━━ Data for analysis ━━

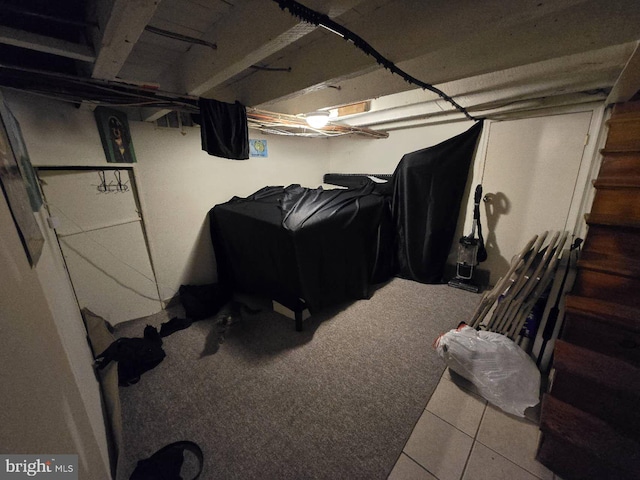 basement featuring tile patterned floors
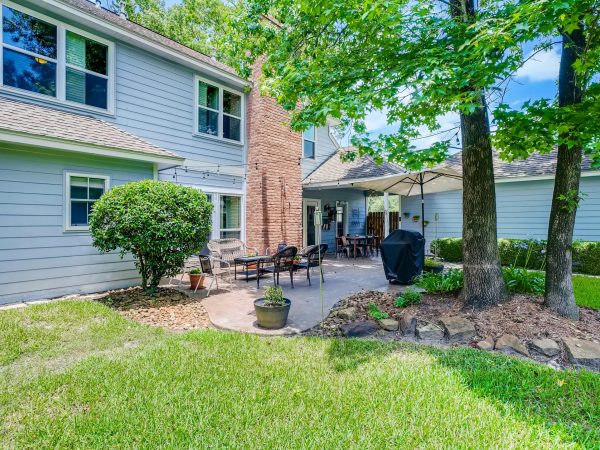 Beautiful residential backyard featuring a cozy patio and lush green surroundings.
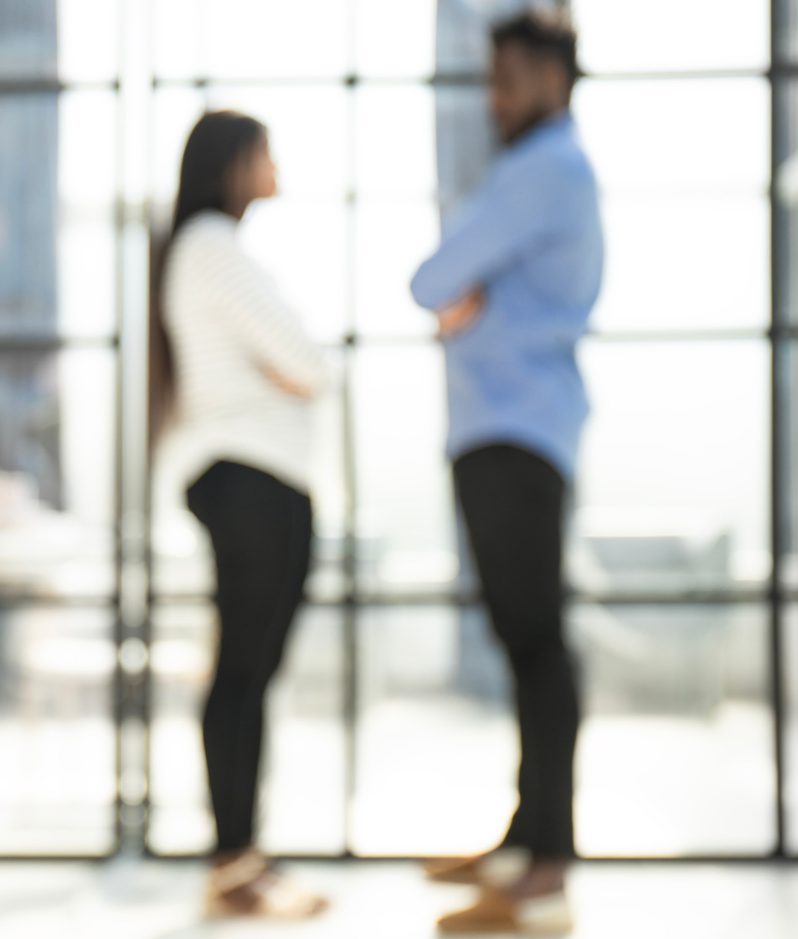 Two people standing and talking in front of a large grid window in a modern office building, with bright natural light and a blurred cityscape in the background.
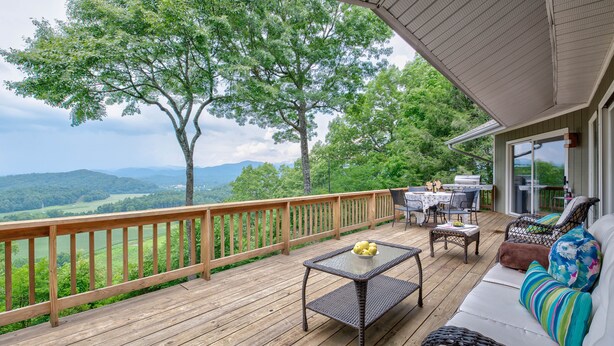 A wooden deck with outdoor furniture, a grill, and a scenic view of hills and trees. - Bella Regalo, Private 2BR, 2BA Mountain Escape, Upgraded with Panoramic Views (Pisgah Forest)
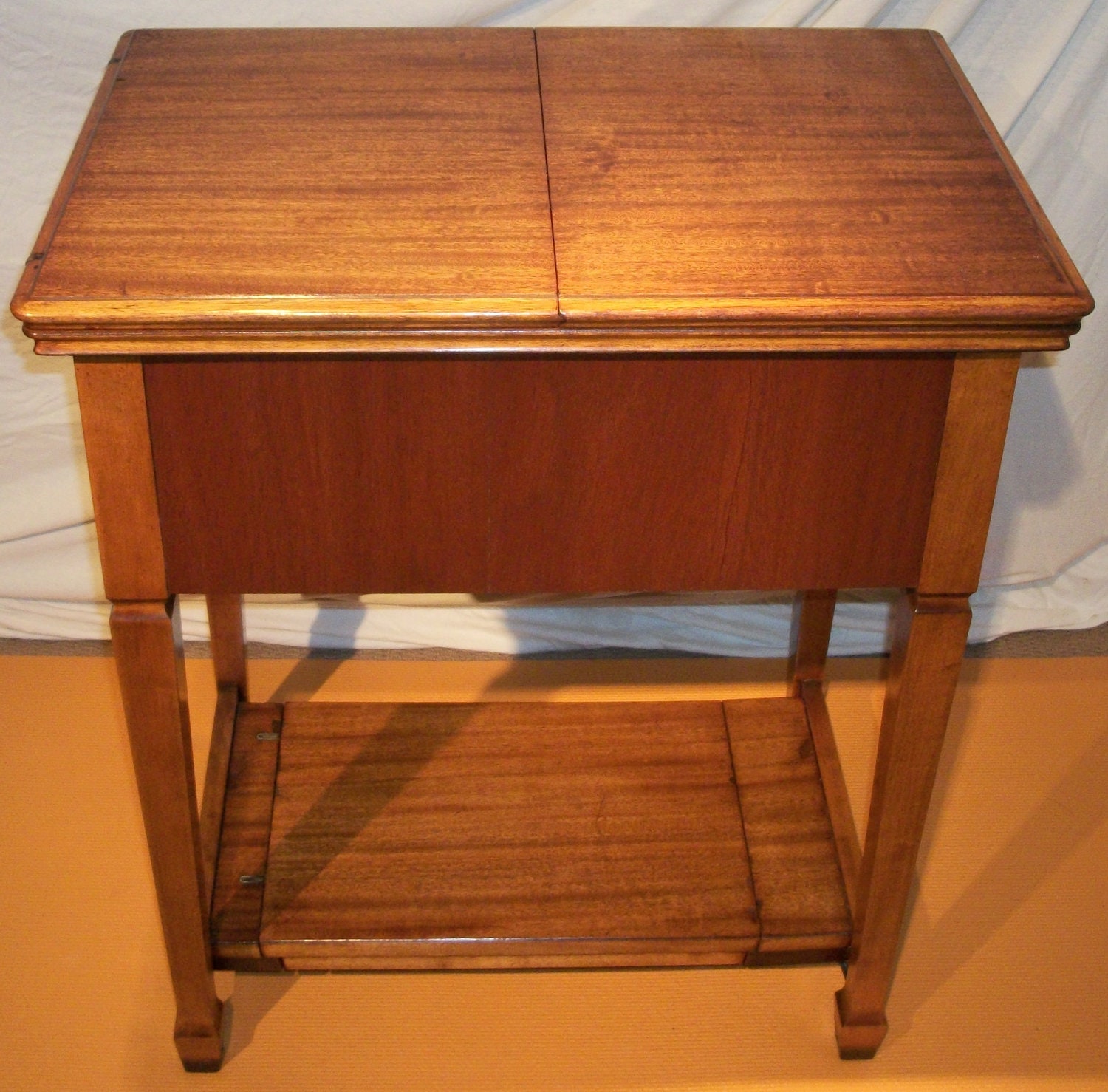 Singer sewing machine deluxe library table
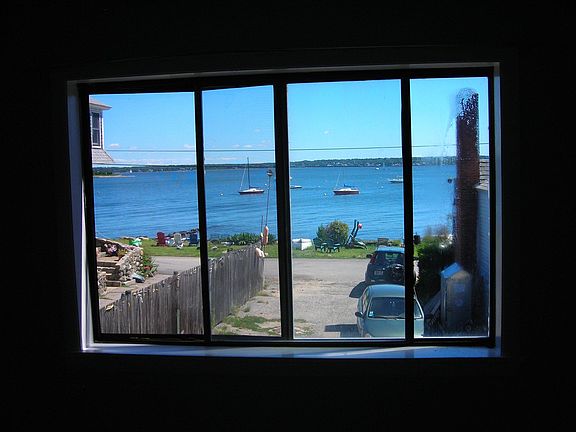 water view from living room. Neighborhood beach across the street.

━━━
━━ Data for analysis ━━

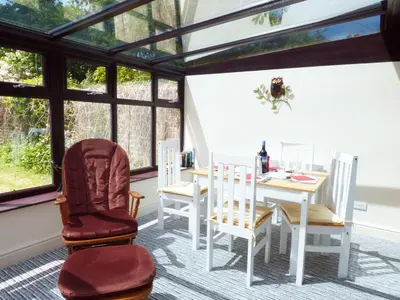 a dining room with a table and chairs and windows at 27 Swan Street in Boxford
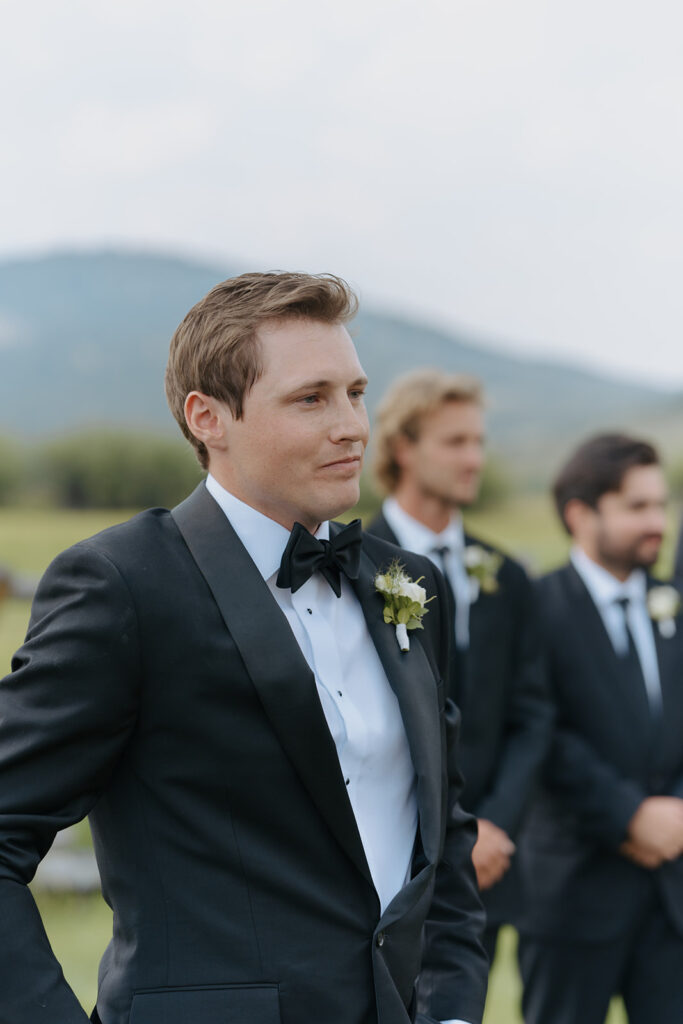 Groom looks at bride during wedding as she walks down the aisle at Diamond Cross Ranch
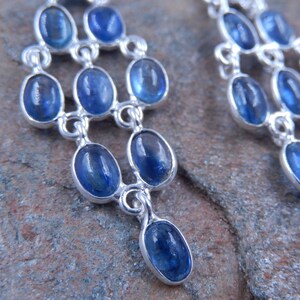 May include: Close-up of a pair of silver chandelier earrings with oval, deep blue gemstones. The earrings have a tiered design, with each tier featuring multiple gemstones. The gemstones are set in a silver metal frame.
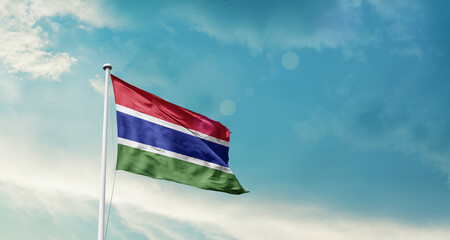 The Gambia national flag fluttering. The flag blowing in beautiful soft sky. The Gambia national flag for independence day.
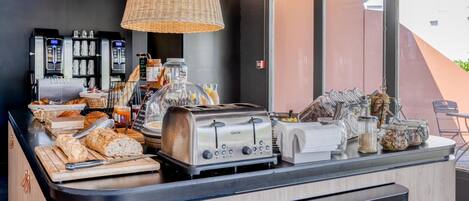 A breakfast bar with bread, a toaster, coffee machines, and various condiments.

━━━

> **What the exercise asks**
"basement featuring tile patterned floors" marks the first line to copy, and "water view from" marks the last. Repeat that stretch above exactly, with no pictures.

> **Task result**
 basement featuring tile patterned floors
 Beautiful residential backyard featuring a cozy patio and lush green surroundings.
 Two people standing and talking in front of a large grid window in a modern office building, with bright natural light and a blurred cityscape in the background.
 A wooden deck with outdoor furniture, a grill, and a scenic view of hills and trees. - Bella Regalo, Private 2BR, 2BA Mountain Escape, Upgraded with Panoramic Views (Pisgah Forest)
 Singer sewing machine deluxe library table
 water view from living room. Neighborhood beach across the street.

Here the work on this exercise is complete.